Hermann erwiderte: »Die Aufteilung erinnert mich an bunte Glasfenster, sogar die schwarzen Bleifassungen sind hier als Ränder zu sehen. Warum nennt sich die Gruppe ›Blauer Reiter‹?«

Walden erklärte: »Franz Marc hat bis vor Kurzem impressionistische Landschaften gemalt, aber durch den Kontakt mit den russischen Malern Jawlensky und Kandinsky haben sich sein Malstil und der Inhalt seiner Gemälde verändert. Marc lebt auf einem Bauernhof in Bayern, sein Sujet ist die Erlebniswirklichkeit der Tiere. Er wagt es, die Pferde blau zu malen oder umgibt sie mit einer unwirklichen Farbenpracht, die seine Metapher für Imagination ist. Marc liebt Pferde, Kandinsky Reiter und die Farbe Blau gefällt ihnen beiden, voilà so entstand der Name für die gemeinsame Ausstellung.«

Die Farbenpracht der Bilder beschäftigte Bode, er blätterte in einem Heft, in dem die Künstler über die Anarchie in der Kunst und der neuen Musik schrieben, und sagte zu Mary: »Diese Künstler sollten wir uns merken. Hast du mit deinen Freunden in Askona über die Darstellung von Bewegung gesprochen, die in diesen Bildern einen Spannungsbogen zu deiner Arbeit im Bühnenraum aufzeigt?«

Julia hatte nichts dagegen, dass ihr Mann mit Mary zu Ausstellungen reiste. Sie wollte auf keinen Fall, dass ihre Kinder während ihrer Abwesenheit unbeaufsichtigt von Dienstboten betreut wurden. Zusammen mit ihrer Schwester Stanzi besuchte sie die Veranstaltungen des Hannoveraner Frauenvereins für Frauenkleidung und Frauenkultur, in denen viel über alternative Erziehung und Pädagogik gesprochen wurde. Hier traf sie Elli Beindorff, die Tochter von Günther Wagner, dem Eigentümer der Pelikan-Fabrik. Die Damen setzten sich gemeinsam für die Rechte der Frauen ein.
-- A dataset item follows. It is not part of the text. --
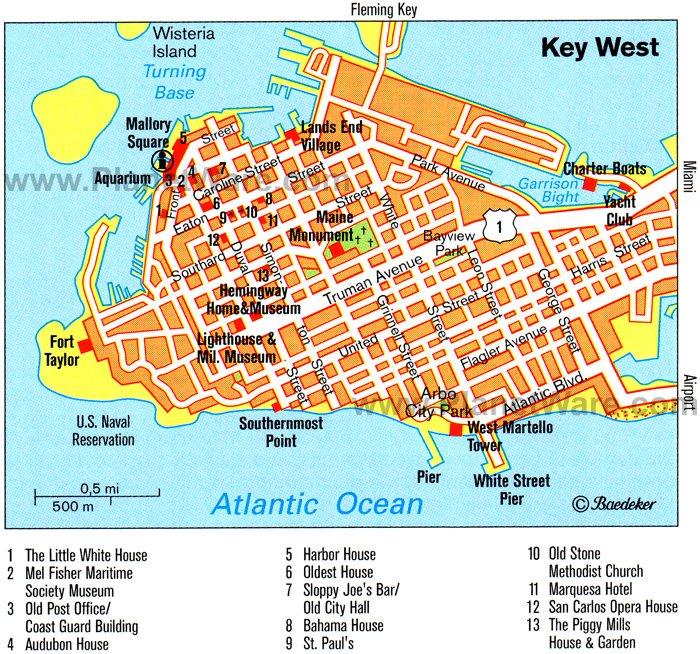 Carte de Key West - Attractions touristiques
Zuerst ging es um die Abschaffung des Korsetts, um Kindbetthygiene und die Unterstützung von Kinderreichen, bei denen der Ernährer durch Unfall oder Krieg verstorben war. Später forderte der Frauenverein, ähnlich wie die Suffragetten in London, das allgemeine und gleiche Wahlrecht für Frauen. Im Zuge der Novemberrevolution 1918 konnten sie das Frauenwahlrecht tatsächlich durchsetzen. Die Frauen entwickelten eine Solidarität, die ihnen erlaubte, gegen die dominanten Männer aufzubegehren, darüber hinaus half man einander in Notsituationen. Die Damen aus den reichen Familien hielten es für ihre Pflicht, den Armen zu helfen. Elli Beindorff war eine kultivierte und warmherzige Person, die von ihren Eltern zur Wohltätigkeit erzogen worden war.